─── Data shown

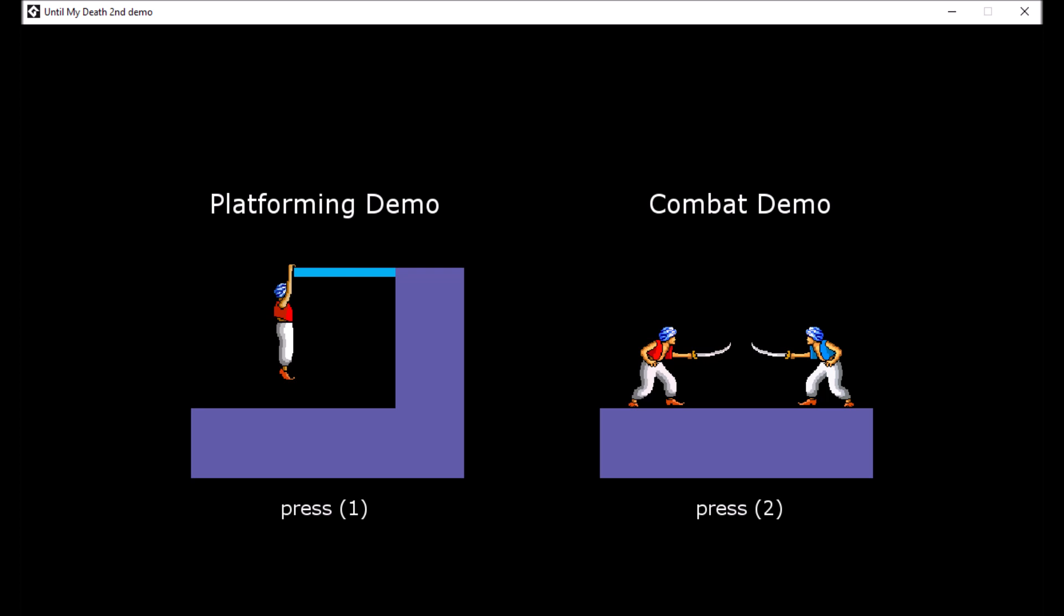The main feature of this update is the addition of combat. The player can fight against 7 comms with varying strategies. Additionally, I've included the platforming demo which has been slightly updated with feedback from the last release.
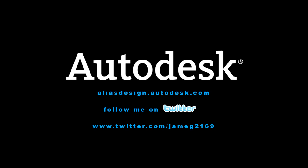Follow me on Twitter, jmeg2169 and have a great day.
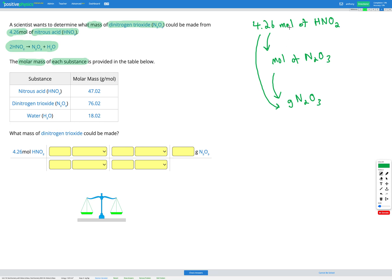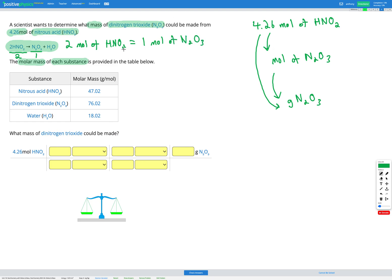The important thing to remember is that we always need to be in moles before we can convert between substances, because we need the mole ratio from the chemical equation. Our first step is going from moles of HNO2 into moles of N2O3. From the balanced equation, we have 2 HNO2 and 1 N2O3, giving us the conversion factor: 2 moles of HNO2 gives 1 mole of N2O3.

──────

**Assignment**
Word for word, quote the full listing, omitting every picture.

**Finished task**
The main feature of this update is the addition of combat. The player can fight against 7 comms with varying strategies. Additionally, I've included the platforming demo which has been slightly updated with feedback from the last release.
Follow me on Twitter, jmeg2169 and have a great day.
The important thing to remember is that we always need to be in moles before we can convert between substances, because we need the mole ratio from the chemical equation. Our first step is going from moles of HNO2 into moles of N2O3. From the balanced equation, we have 2 HNO2 and 1 N2O3, giving us the conversion factor: 2 moles of HNO2 gives 1 mole of N2O3.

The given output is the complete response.